I started in December with confidence. I had notes and an outline and I made it all the way to 10,000 words by January 2nd before it just tanked. I was sitting under the covers in a soft bed with my laptop nearly in tears because I knew it wasn’t working. 😭

I knew I had to toss all 10,000 words–which is not easy for me because drafting is like pulling teeth, especially in the distance from 4,000 to 10,000 words. That first “hump” is an obstacle that can take me weeks or sometimes even months to hammer out. It’s the pivot point (it’s also the inciting incident) that defines the direction of the rest of the story, so it has to be right!

But I suppose tossing 10,000 is better than tossing an entire draft and starting from scratch. I used to plow through to the bitter end, forcing 60,000-80,000 words even when it didn’t feel right, sure it was just the weird feeling of drafting and not a more serious red flag.

And that’s how I have two first drafts of two different stories on my hard drive that I shelved as soon as I reread them. Because they’re completely wrong, pivot point/incident to end. 🤷🏻‍♀️

It’s funny, because that first hump is only roughly a span of 6,000 words. At any other spot in the manuscript, if I have the writing flow going on, I can easily write 6,000 words over the course of one breezy weekend and a few low-intensity writing sessions.

So, going back to the drawing board in January, I read some craft books (the most helpful being STORY GENIUS by Lisa Cron, seriously, 💯💯 READ THIS if you need plot/structure help!), filled the well by reading an entire stack (and rereading a few favorite) middle grade books in search of inspiration/comps, and made a new outline. Honestly, it took nearly two months to work out an outline that I didn’t hate or tear apart with logic every time I reread it. And then I let it sit for a month to simmer. I reread it a couple weeks ago and…I still didn’t hate it. In fact, I sort of liked it, which seemed promising!

So I’ve started over again. Page one. And it’s been slowly growing, the word count ticking up steadily, but I was still wary. Was this a false positive? Was I going to have to toss this too and restart again?

[pulls out hair]

. . .

. . .

Happy to report that I made it past the 10,000 word mark this weekend and I’m still going! It feels right, past that hump, I know the direction is solid. Sure, it’s still a terrible “zero draft” as I like to call it, that I won’t ever share with another soul, but it’s the bones, the foundation of a only mildly less terrible first draft I can share with CPs someday.
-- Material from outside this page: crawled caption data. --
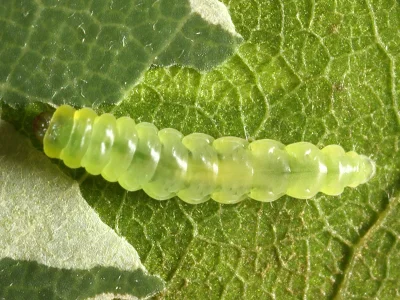 Parectopa robiniella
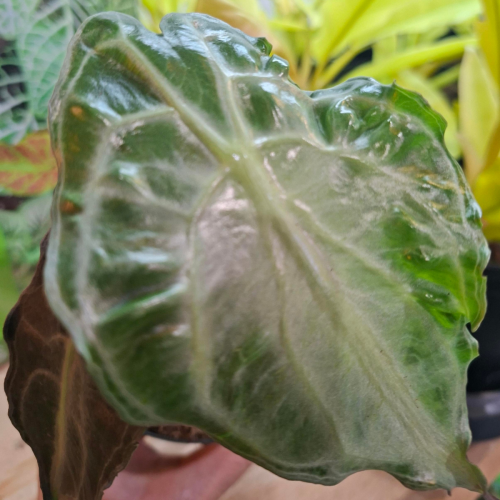 Alocasia 'Venom' - 4''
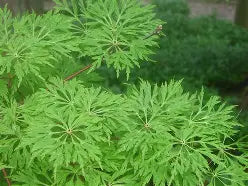 Acer japonicum 'Green Cascade', 2X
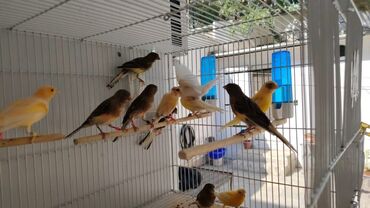 Bülbüllər: Portagal rəngdə hazir cüt gözəl oxuyan bülbüllər var — 7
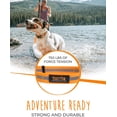 thumbnail image 3 of Mighty Paw Waterproof Dog Collar, Smell-Proof Active Dog Gear, Coated Nylon Webbing with Reflective Stripe, 3 of 8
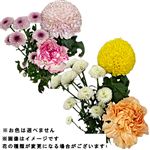 お供え花セット ミニ ひなた1束【置き楽配送指定不可】※お色は選べません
I’m just going to relish this hard-earned moment for a bit, being in the post-10,000-word drafting sweet spot. Not only because it’s the green light to keep drafting using this outline, but because every session added to it feels like the best number! Today, I squeezed in 1,400 words on lunch break at a cute coffee shop in the city and now it’s a whopping 14,000 words! That’s, like, a real on-it’s-way-to-book-shaped size! Five-digit word count numbers feel good. 😎

How I Learned to Write

Totally triggered by the most recent PubCrawl Podcast episode about author career qualifications, I got thinking about what’s helped me develop into the writer I am today. Writing is so much more than sentences and grammar (though that’s obviously a pair of critical variables) and learning how to write requires so much more than a creative writing degree (though it helped kickstart me in the right direction).

I learned how to give constructive feedback and absorb criticism thanks to creative writing workshops in undergrad.

I learned about story in those same workshops. 

I learned how to write powerful sentences and build logical paragraphs writing dozens of research papers as a history major. It’s also where I kicked my purple prose habit.

I learned how to accept rejection from rounds of literary magazine submissions.

I learned how to finish a book in NaNoWriMo. 

I learned about pacing and voice by reading reading reading. 

I learned about dialogue from Girlmore Girls.

I learned how to be succinct when writing my pictorial history. (Word count restrictions!) And Twitter, maybe. And my flash-fiction phase. 

I learned about scene structure from a SCBWI conference workshop led by the superb Laurie Calkhoven.

I learned about plotting and structure and beats at a writing conference talk by the fabulous Chris Grabenstein. And by reading craft books.

I discovered revision tactics by reading the blogs of authors I admire.

I learned how to revise on book #4. By pulling the story apart and refashioning it back together, over and over. And by following my critique partners’ advice.

I’m excited to see what the next writing break through might be. :]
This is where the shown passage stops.